Dataset items
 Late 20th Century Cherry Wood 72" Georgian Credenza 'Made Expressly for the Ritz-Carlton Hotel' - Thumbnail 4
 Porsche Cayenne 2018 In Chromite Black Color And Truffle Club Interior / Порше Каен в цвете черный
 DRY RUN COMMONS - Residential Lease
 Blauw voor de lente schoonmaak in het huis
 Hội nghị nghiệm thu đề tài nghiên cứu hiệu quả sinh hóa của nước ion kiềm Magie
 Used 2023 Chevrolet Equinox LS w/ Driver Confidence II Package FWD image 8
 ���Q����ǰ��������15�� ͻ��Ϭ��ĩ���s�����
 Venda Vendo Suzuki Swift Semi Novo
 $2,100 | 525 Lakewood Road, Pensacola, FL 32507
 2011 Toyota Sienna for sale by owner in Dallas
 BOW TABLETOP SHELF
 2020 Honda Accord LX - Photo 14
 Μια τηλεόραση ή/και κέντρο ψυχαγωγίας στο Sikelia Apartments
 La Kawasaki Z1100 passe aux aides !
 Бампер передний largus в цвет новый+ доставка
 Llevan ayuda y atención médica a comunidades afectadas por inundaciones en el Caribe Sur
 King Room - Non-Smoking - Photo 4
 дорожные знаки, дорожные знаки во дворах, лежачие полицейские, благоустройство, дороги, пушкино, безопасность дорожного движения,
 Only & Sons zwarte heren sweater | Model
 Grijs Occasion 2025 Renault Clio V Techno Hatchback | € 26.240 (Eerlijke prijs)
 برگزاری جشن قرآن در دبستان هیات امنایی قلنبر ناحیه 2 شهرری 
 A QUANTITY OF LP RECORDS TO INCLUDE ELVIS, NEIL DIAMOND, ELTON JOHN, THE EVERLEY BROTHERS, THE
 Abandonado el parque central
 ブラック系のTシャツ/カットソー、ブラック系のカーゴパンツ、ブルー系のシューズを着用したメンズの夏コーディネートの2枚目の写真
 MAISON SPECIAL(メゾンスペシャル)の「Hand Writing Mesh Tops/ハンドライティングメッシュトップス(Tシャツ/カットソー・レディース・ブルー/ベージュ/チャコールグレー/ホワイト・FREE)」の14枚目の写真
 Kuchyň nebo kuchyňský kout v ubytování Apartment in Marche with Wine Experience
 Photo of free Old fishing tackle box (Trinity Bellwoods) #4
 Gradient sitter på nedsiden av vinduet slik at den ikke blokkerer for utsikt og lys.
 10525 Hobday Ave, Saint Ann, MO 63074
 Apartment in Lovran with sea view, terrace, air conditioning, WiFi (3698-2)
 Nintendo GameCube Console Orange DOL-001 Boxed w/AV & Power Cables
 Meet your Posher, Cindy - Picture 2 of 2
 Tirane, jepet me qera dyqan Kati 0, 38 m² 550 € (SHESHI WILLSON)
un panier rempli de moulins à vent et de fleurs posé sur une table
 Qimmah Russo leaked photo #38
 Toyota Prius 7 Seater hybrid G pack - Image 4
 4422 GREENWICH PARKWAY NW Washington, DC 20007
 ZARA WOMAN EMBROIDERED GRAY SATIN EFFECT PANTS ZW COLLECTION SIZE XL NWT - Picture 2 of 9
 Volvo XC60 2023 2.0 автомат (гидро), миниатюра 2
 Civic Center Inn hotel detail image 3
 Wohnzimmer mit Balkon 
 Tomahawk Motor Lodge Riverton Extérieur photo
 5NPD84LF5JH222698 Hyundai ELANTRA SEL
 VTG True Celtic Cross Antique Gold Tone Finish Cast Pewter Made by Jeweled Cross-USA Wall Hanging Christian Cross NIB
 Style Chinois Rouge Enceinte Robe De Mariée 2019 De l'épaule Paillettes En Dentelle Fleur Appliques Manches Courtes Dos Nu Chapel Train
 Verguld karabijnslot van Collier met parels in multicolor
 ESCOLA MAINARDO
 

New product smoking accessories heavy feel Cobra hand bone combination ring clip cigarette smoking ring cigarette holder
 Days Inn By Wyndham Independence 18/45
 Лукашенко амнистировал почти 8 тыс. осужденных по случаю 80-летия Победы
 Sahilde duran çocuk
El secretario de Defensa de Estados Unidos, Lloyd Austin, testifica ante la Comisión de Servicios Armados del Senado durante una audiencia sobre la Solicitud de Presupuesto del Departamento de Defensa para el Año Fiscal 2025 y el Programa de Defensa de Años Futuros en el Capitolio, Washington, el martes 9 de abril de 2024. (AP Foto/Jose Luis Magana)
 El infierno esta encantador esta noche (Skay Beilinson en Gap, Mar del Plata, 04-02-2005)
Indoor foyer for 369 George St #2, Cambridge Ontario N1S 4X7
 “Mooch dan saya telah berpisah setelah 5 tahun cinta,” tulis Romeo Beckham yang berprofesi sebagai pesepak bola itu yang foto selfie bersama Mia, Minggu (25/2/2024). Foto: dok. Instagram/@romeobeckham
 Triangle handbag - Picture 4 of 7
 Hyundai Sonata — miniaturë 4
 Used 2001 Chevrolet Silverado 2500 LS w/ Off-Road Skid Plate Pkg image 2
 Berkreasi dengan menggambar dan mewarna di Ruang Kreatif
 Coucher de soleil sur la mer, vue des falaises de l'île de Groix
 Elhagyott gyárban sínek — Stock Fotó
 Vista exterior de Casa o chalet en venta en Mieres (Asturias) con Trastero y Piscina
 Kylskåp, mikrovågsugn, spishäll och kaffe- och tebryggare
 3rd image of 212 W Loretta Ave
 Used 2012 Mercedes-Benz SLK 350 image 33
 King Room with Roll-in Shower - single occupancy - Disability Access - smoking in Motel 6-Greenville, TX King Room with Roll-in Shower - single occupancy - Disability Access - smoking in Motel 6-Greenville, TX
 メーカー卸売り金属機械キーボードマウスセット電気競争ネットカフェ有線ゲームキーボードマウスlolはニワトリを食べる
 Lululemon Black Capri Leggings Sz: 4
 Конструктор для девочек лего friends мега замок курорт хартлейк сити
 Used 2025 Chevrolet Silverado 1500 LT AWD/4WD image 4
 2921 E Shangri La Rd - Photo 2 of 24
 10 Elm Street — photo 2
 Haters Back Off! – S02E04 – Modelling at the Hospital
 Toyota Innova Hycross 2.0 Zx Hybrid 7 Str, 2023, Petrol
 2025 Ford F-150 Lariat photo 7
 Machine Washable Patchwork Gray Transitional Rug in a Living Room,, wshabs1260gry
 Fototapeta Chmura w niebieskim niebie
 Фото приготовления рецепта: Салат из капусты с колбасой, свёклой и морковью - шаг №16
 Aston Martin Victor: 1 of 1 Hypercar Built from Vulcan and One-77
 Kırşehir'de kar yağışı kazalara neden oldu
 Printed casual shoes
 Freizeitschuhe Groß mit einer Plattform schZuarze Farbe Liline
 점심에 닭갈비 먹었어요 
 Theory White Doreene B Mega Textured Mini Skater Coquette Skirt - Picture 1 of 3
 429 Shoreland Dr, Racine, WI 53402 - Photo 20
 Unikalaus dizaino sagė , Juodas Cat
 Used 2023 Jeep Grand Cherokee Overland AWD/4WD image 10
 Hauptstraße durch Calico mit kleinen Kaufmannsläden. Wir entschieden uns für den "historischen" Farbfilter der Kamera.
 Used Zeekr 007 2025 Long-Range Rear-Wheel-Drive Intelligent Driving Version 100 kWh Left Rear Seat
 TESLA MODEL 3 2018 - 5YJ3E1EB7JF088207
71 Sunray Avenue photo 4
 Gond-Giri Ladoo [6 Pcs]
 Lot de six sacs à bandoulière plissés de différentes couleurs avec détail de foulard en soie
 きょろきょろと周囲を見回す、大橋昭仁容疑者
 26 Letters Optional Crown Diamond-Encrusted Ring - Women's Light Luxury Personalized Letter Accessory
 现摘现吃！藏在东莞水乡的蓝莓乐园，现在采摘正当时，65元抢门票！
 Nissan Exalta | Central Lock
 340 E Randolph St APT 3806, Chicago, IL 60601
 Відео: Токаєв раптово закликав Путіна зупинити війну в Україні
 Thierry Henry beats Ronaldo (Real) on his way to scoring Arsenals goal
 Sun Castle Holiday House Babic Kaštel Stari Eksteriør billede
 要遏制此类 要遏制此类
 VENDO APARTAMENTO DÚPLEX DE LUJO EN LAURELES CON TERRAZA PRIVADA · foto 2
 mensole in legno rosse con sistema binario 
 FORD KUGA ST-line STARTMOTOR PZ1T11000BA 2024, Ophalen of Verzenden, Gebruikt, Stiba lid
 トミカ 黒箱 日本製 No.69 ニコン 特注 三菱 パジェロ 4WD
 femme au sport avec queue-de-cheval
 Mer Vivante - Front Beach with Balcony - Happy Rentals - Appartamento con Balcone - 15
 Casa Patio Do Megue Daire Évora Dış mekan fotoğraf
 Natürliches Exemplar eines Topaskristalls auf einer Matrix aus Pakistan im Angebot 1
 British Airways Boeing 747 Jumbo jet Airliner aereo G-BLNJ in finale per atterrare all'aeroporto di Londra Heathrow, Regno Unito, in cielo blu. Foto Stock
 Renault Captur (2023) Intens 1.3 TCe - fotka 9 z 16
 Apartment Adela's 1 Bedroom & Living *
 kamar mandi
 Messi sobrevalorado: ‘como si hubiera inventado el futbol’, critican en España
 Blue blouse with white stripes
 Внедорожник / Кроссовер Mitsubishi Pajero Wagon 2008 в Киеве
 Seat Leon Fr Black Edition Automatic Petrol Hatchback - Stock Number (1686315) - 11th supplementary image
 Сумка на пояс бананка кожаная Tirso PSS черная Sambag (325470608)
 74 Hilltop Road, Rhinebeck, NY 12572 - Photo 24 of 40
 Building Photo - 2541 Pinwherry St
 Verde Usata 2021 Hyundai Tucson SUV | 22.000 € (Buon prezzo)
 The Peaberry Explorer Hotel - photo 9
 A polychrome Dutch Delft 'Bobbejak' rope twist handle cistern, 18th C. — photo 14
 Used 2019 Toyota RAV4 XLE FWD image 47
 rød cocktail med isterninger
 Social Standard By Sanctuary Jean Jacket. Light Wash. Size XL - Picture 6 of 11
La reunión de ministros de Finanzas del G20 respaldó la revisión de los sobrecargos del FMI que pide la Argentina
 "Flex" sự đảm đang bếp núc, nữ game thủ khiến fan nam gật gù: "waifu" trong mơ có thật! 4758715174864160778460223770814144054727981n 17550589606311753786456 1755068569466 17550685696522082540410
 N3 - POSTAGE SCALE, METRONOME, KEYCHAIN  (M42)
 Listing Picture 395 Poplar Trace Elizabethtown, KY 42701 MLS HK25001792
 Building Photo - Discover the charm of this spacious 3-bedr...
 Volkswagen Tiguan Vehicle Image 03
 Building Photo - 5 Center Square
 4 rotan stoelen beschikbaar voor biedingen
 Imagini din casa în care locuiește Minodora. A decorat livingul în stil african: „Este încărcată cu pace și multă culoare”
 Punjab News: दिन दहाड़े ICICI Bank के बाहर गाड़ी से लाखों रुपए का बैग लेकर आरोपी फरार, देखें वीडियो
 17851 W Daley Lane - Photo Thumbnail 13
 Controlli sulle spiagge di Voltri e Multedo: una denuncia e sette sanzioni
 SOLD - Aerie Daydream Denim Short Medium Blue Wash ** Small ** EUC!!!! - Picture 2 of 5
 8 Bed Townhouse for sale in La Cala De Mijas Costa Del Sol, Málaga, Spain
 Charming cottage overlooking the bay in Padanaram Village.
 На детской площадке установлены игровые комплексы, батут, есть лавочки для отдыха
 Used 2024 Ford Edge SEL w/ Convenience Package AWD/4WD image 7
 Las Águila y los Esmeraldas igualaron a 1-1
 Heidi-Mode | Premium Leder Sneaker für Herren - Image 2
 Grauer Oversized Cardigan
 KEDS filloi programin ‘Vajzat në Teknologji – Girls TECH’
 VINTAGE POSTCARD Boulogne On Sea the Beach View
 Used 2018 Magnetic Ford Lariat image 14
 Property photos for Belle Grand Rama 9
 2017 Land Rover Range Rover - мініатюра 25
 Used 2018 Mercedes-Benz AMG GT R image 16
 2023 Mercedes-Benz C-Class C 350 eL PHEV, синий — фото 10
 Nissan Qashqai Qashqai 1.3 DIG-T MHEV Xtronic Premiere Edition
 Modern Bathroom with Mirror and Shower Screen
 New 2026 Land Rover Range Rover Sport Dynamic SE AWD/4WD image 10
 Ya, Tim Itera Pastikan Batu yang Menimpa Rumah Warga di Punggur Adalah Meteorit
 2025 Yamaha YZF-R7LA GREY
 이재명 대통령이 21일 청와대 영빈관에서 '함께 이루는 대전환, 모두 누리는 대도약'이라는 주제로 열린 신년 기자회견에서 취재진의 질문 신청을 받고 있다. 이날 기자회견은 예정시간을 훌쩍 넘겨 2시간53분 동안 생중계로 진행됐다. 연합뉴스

Task statement: Where a line above includes "Hatchback", copy that line.

Response to the task:
 Grijs Occasion 2025 Renault Clio V Techno Hatchback | € 26.240 (Eerlijke prijs)
 Seat Leon Fr Black Edition Automatic Petrol Hatchback - Stock Number (1686315) - 11th supplementary image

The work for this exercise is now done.